Table 11-2 Content Tab Options for Logical Table Source

Options Description

Aggregation content, group by

How the content is aggregated.

More button

When you click More, the following options appear:

  • Copy. (Available only for fact tables) Copies aggregation content to the Windows clipboard. You can paste the Dimension.Level info into a text editor and use it for searching or for adding to documentation.

    Note that Copy is not available if the expression is empty.

  • Copy from. (Available for fact tables and dimension tables) Copies aggregation content from another logical table source in the same business model. You need to specify the source from which to copy the aggregation content. (Multiple business models appear but only the logical table sources from the current business model are selectable.)

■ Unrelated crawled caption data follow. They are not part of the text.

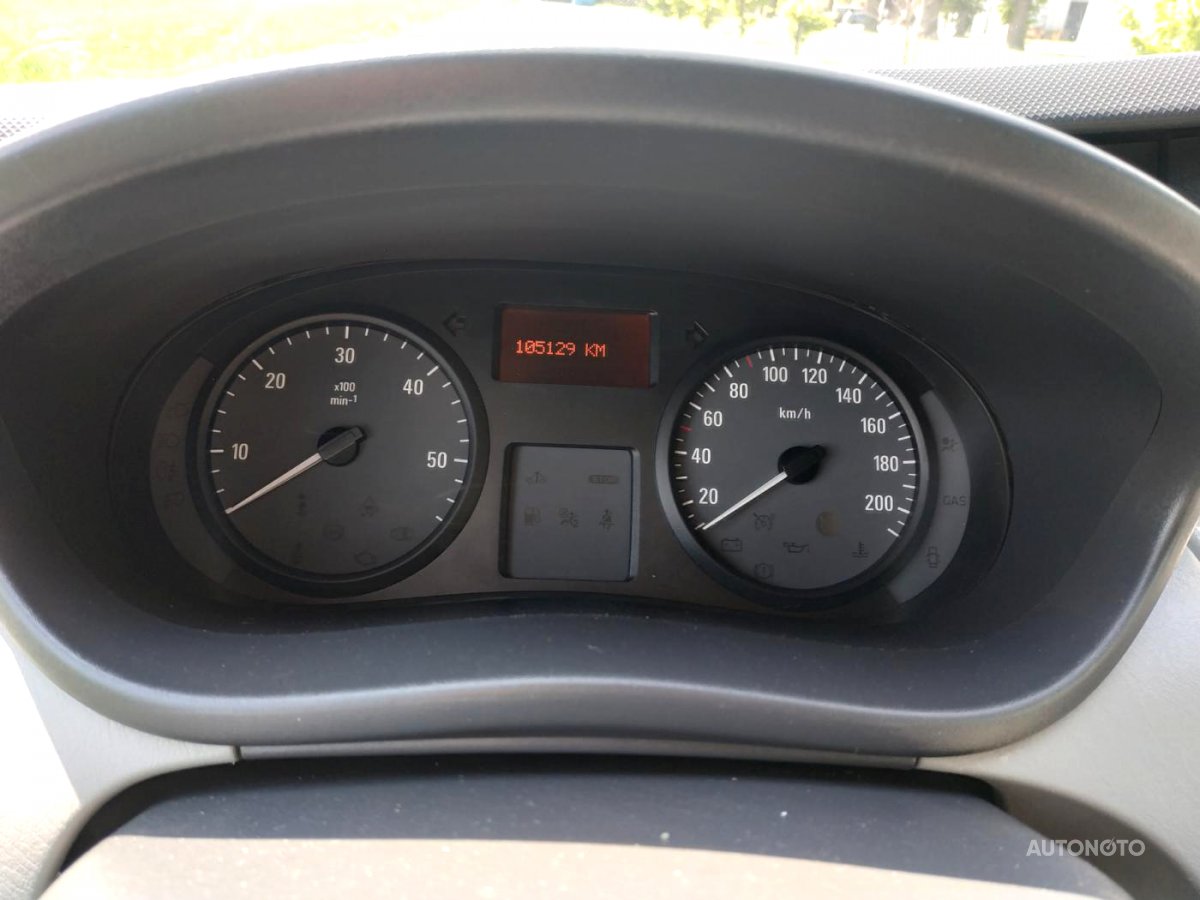 Opel Vivaro, 2012 - pohled č. 3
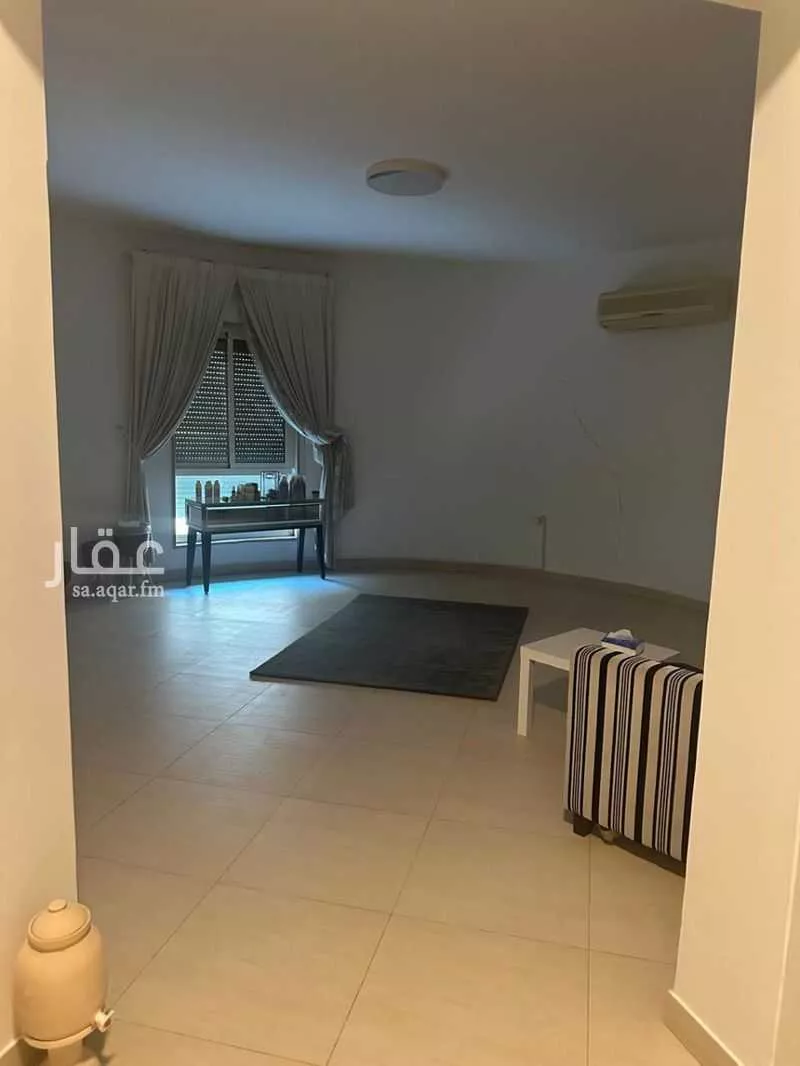 فيلا للإيجار في شارع السعادة, حي الياسمين, مدينة الرياض, منطقة الرياض 1 صورة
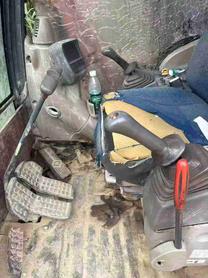 Buy Hitachi EX200-3 Used Excavator / 6 Buy Hitachi EX200-3 Used Excavator / 6
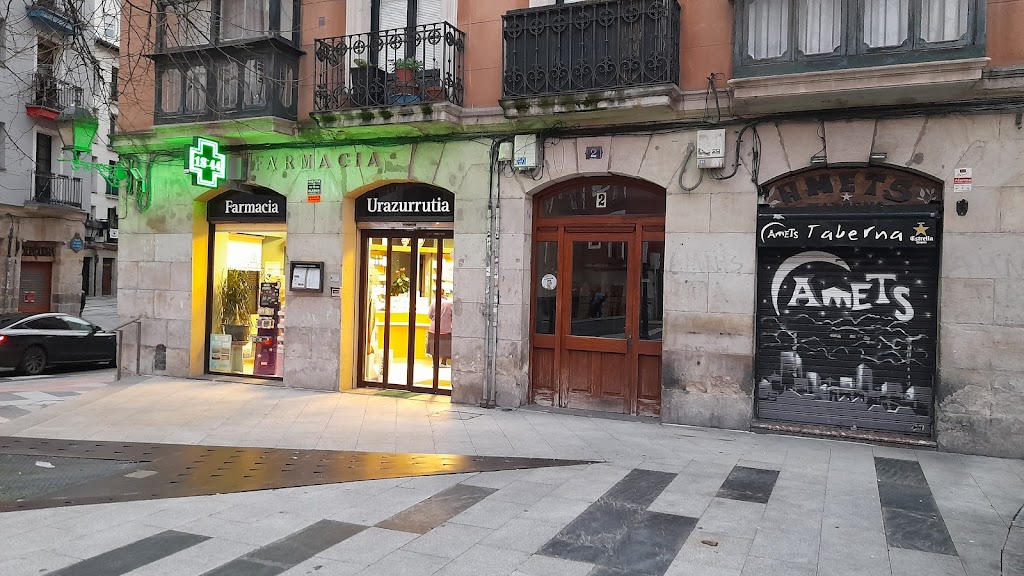 FARMACIA URAZURRUTIA (Silvia Santin-Susana Zarate)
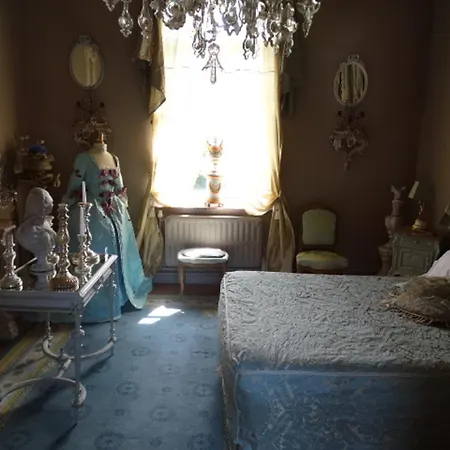 Bed & Breakfast Le Domaine Du Chateau Blanc A 10 Minutes De Pairi Daiza *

  • Get Levels. (Available only for fact tables) Changes aggregation content. If joins do not exist between fact table sources and dimension table sources (for example, if the same physical table is in both sources), the aggregation content determined by the Administration Tool does not include the aggregation content of this dimension.

  • Check Levels. (Available only for fact tables) Checks the aggregation content of logical fact table sources (not dimension table sources). The information returned depends on the existence of dimensions and hierarchies with logical levels and level keys, and physical joins between tables in dimension table sources and the tables in the fact table source. (If the same tables exist in the fact and dimension sources and there are no physical joins between tables in the sources, Check Levels does not include the aggregation content of this dimension.)

Fragmentation content

A description of the contents of a data source in business model terms. Data is fragmented when information at the same level of aggregation is split into multiple tables depending on the values of the data. A common situation would be to have data fragmented by time period. See "Setting Up Fragmentation Content for Aggregate Navigation" for additional information.

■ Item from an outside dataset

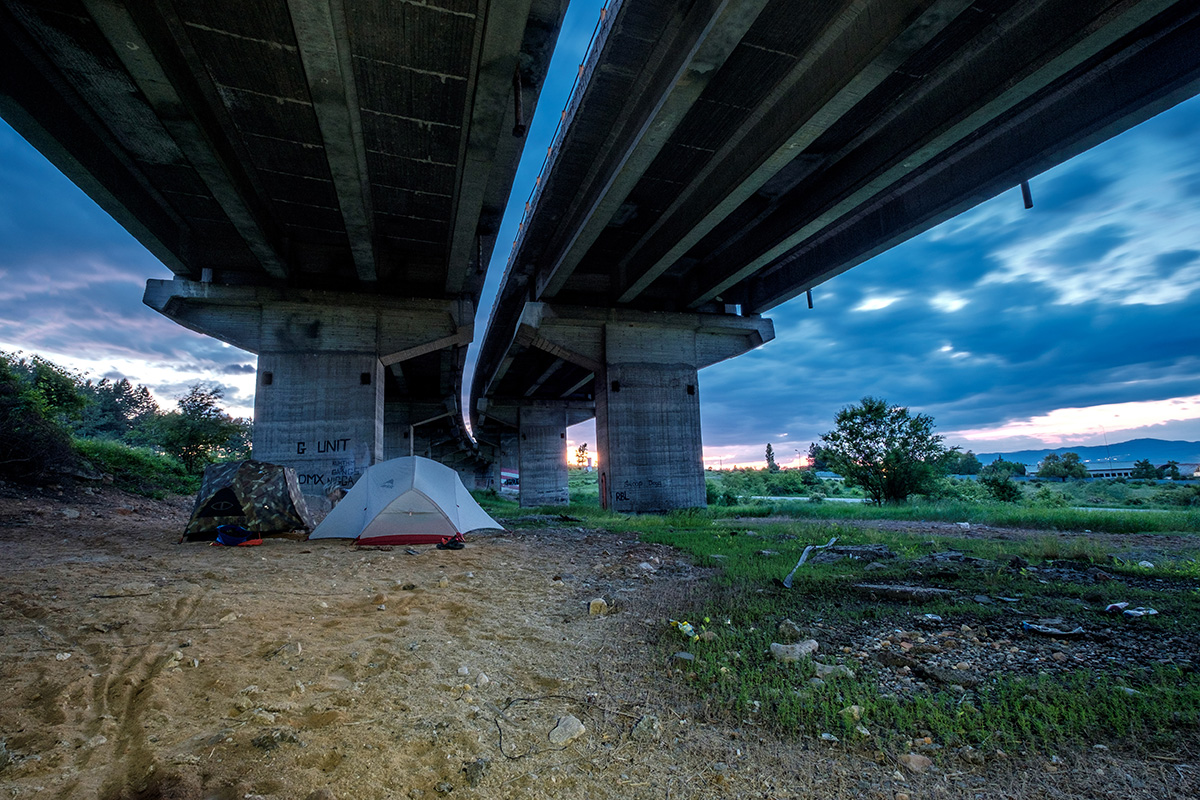 Campement sous un pont avec mon frère en Bulgarie.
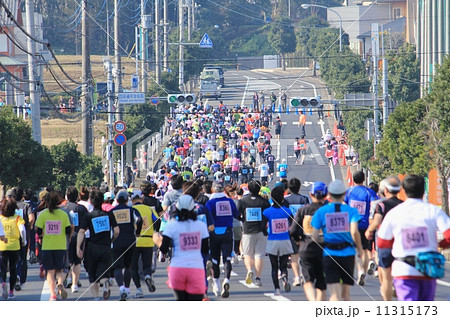 ランニング ランナー マラソン 走るフルマラソン フルマラソン 人々の写真素材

This source should be combined with other sources at this level

Select this option when data sources at the same level of aggregation do not contain overlapping information. In this situation, all sources must be combined to get a complete picture of information at this level of aggregation.

Select distinct values

Used if the values for the source are unique.


About WHERE Clause Filters

The WHERE clause filter is used to constrain the physical tables referenced in the logical table source. If there are no constraints on the aggregate source, leave the WHERE clause filter blank.

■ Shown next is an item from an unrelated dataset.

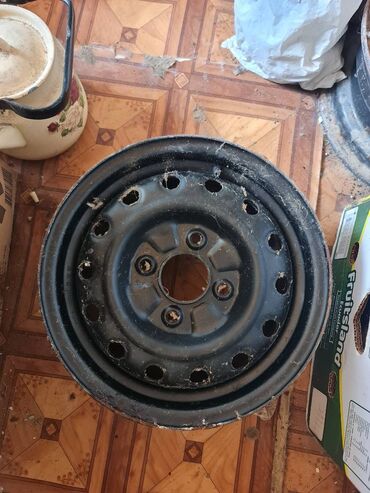225 70 15с зимняя резина шипованная матадор: 4 ədəddir qara disk 4 boltdu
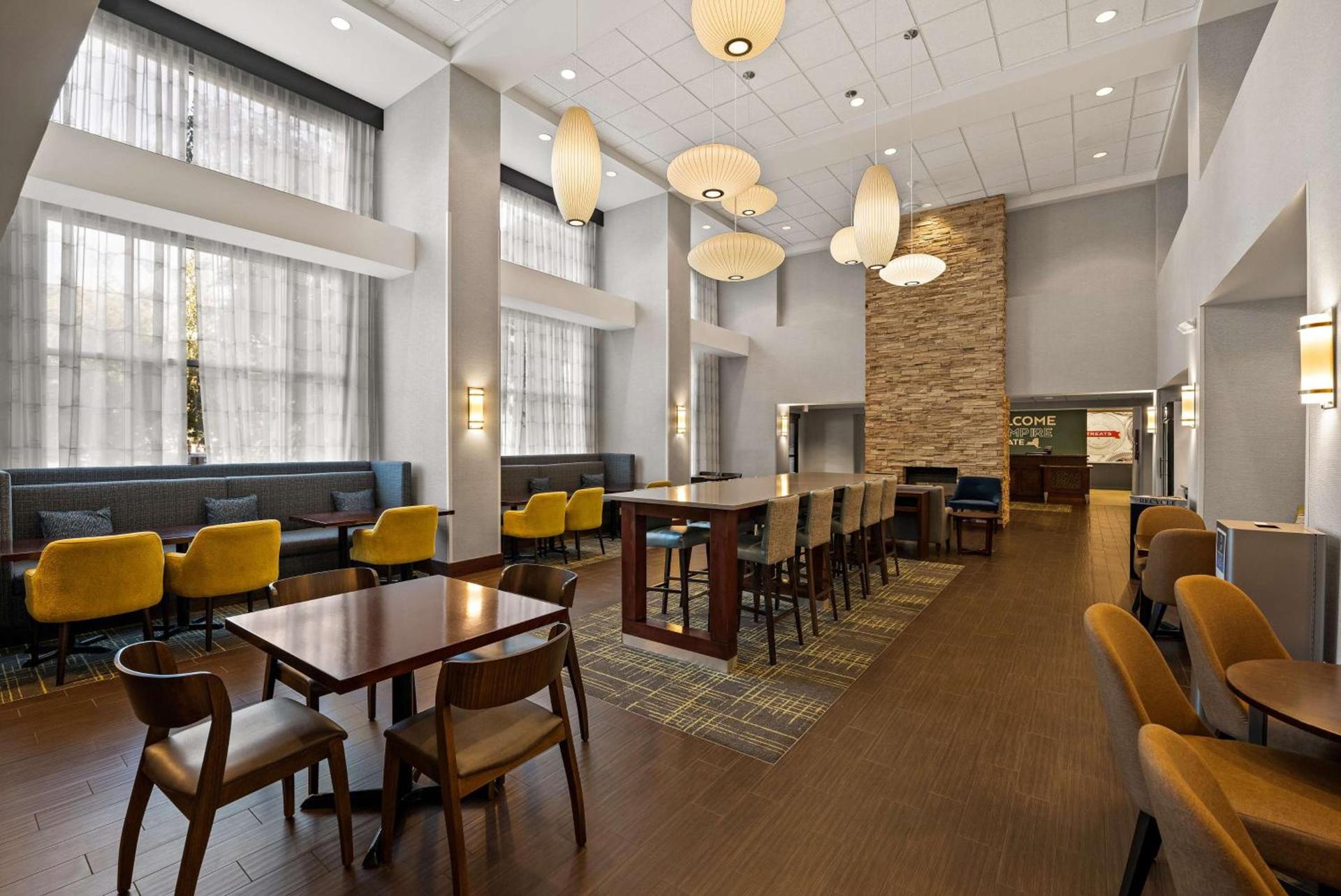Hampton Inn & Suites Poughkeepsie photo 8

Each logical table source should contain data at a single intersection of aggregation levels. You would not want to create a source, for example, that had sales data at both the Brand and Manufacturer levels. If the physical tables include data at multiple levels, add an appropriate WHERE clause constraint to filter values to a single level.

Any constraints in the WHERE clause filter are made on the physical tables in the source.

Working with Parent-Child Settings in the Logical Table Source

Sometimes, a logical table is part of a dimension with a parent-child hierarchy that is based on relational tables. When this is the case, the logical table includes both a physical source and a source for the parent-child relationship table required for the parent-child hierarchy. Parent-child relationship tables explicitly define the inter-member relationships for parent-child hierarchies.

Typically, logical table sources for parent-child relationship tables are created automatically when you run the scripts created by the Generate Parent-Child Table Wizard. You access this wizard from the Parent-Child Table Settings dialog, available in the dimension object.

Note:

The Generate Parent-Child Table Wizard feature is not available from the Logical Table Source dialog. You must go to the dimension object to create scripts to generate the parent-child relationship table.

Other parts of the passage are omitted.